● **Information given**

——

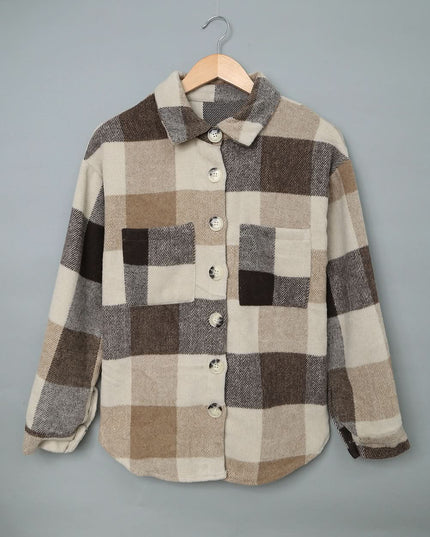 Khaki Plaid Color Block Shacket With Buttoned Pockets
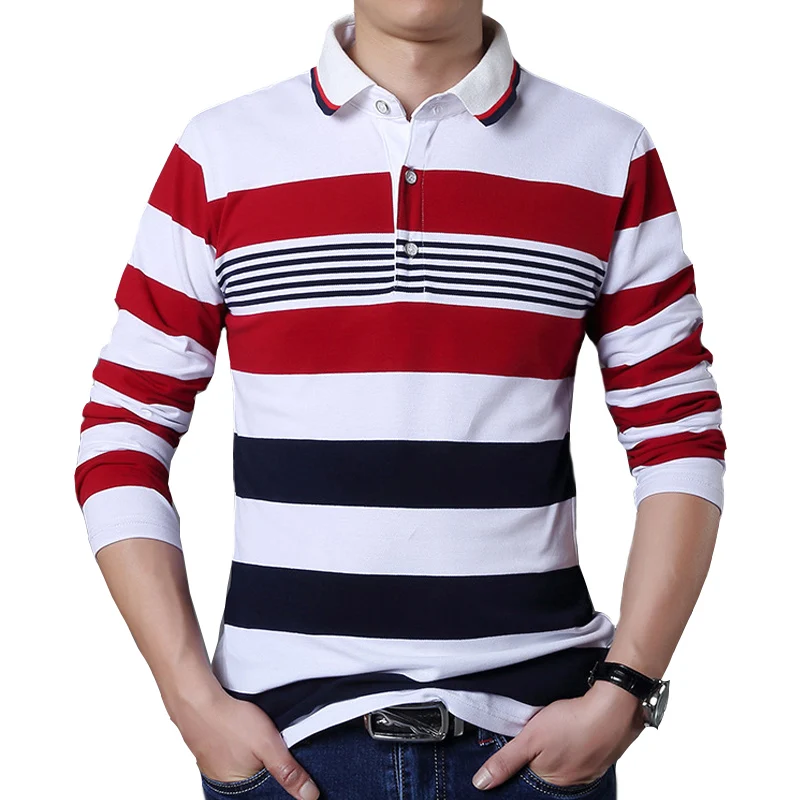 Plus Size M-5XL Men's Stripe Long Sleeve T-Shirt Stand Collar Male Slim Fit New Cotton Tops Tees Causal T-shirt Clothes | Мужская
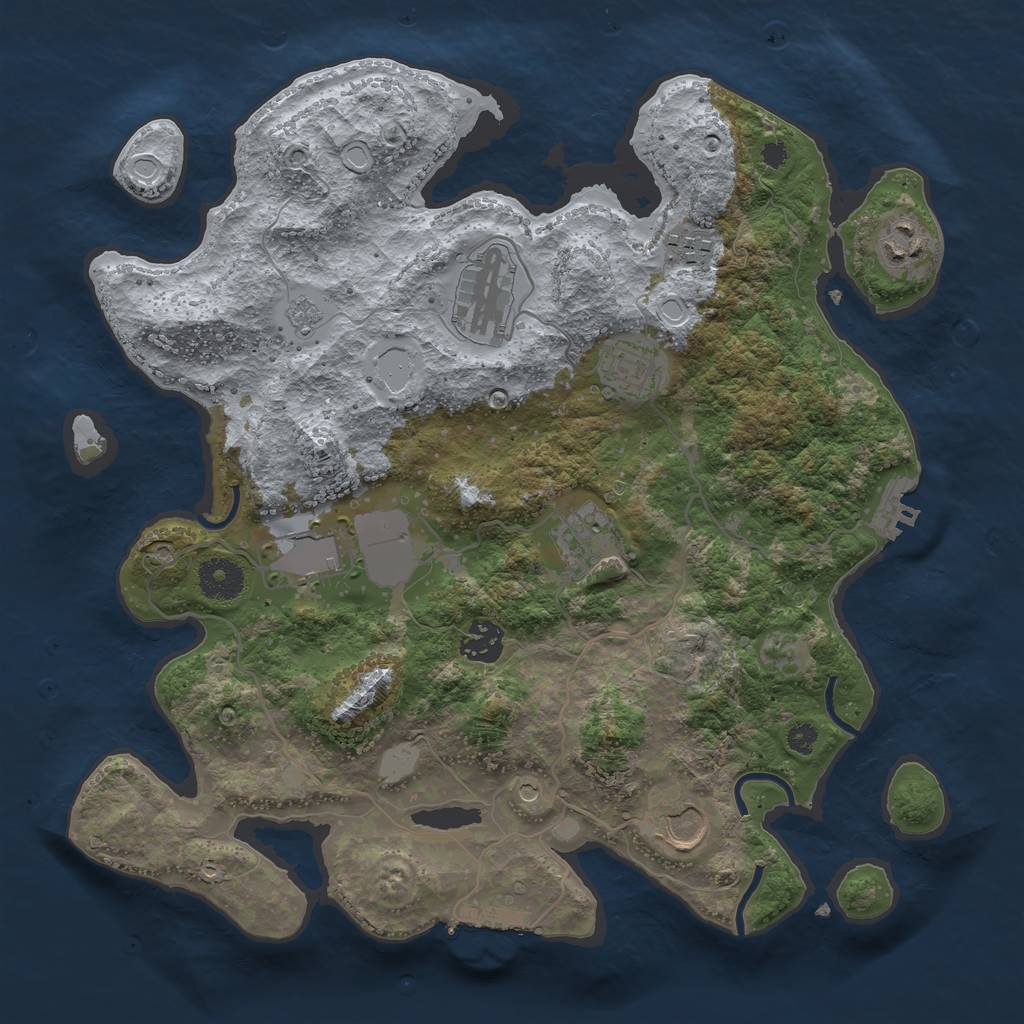 Rust Map: Procedural Map, Size: 3500, Seed: 1207053288, 15 Monuments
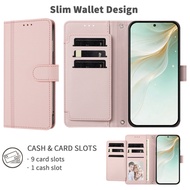 PU Leather flip for OPPO Realme C63 C61 C53 C51 C51S C33 nine Card slot walle solid color style Phon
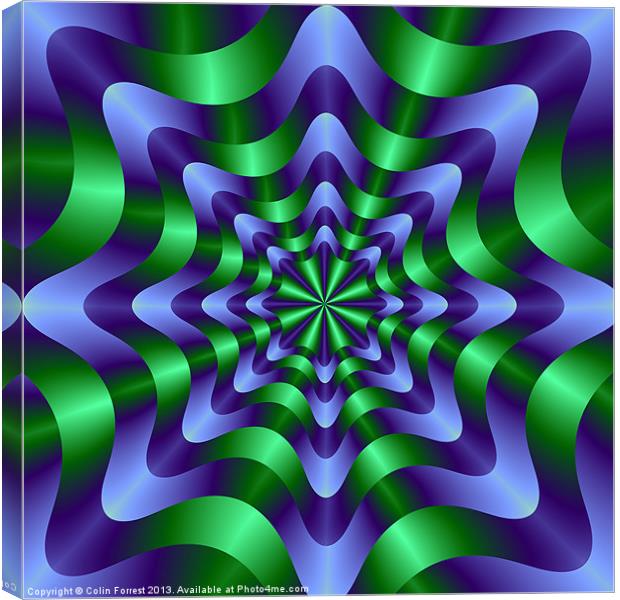 Blue and Green Swirl Canvas Print by Colin Forrest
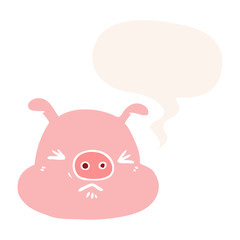 cartoon angry pig face and speech bubble in retro style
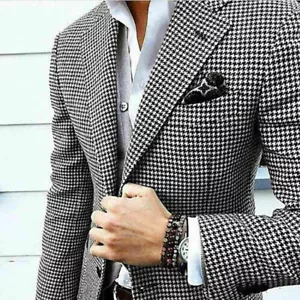 Men's Gray Houndstooth Sports Jacket Single Breasted Notch Lapel Casual New Coat - Picture 1 of 15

——

● **Task objective**
Lines from the one that contains "Blue and Green" through the last line of the data above are to be extracted exactly, with no pictures and no other lines.

● **Solution to this exercise**
 Blue and Green Swirl Canvas Print by Colin Forrest
 cartoon angry pig face and speech bubble in retro style
 Men's Gray Houndstooth Sports Jacket Single Breasted Notch Lapel Casual New Coat - Picture 1 of 15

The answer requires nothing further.